Topic modeling for this project was undertaken using the MALLET program. I selected this program because its ease of use, and because it had been used on other projects encountered while researching topic modeling and text analysis methods. The topic model that was included in the project website used 10,000 iterations and included 40 topics. Out of these topics, there were 3 that appeared to be made up predominantly of errors from the OCR.

The final process related to creating a usable list of topics was creating labels for each of the 40 lists of keywords. Labels were added to each of the topics in order to make them easier to interact with and relate to. The process of determining a label for these is partially recreated in the thematic pages, which highlight peaks where a topic occurred. Graphing each topic over time allowed me to locate when each topic peaked. From there, I would keyword search that particular edition to find the most common words associated with that topic. Reading through these articles, and determining what similarities they shared was the central part of creating a label. As with the the labels for first articles, these are subject to interpretation and have room for continued refinement.
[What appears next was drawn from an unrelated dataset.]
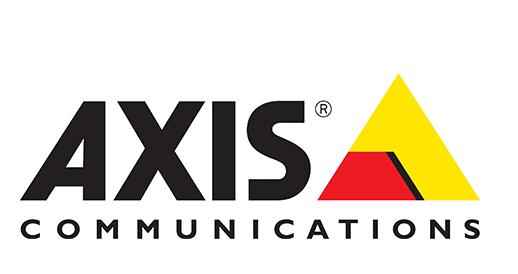 AXIS Communications Logo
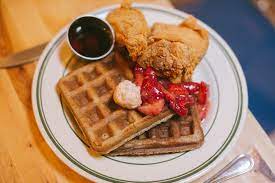 The Best Brunch Spots In Williamsburg New York The Infatuation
Not all outputs of the topic model are housed on the web site. This is primarily a choice driven by the project’s audience, and what could be clearly communicated and engaged with. The clearest group of topics that was not discussed on the website were those related to Whig and Free Soil politics. While these have some scholarly implications, the clear engagement with politics is already represented in the “Washington D.C. in The North Star” and “The American South” themes. Significant engagement with the history of Whigs and Free Soilers would add little for my audience while necessitating complicated political contextualization. The website also does not include topics that remained unknown (there were 2), or were mixed in ways that did not allow for clear communication of their subject matter.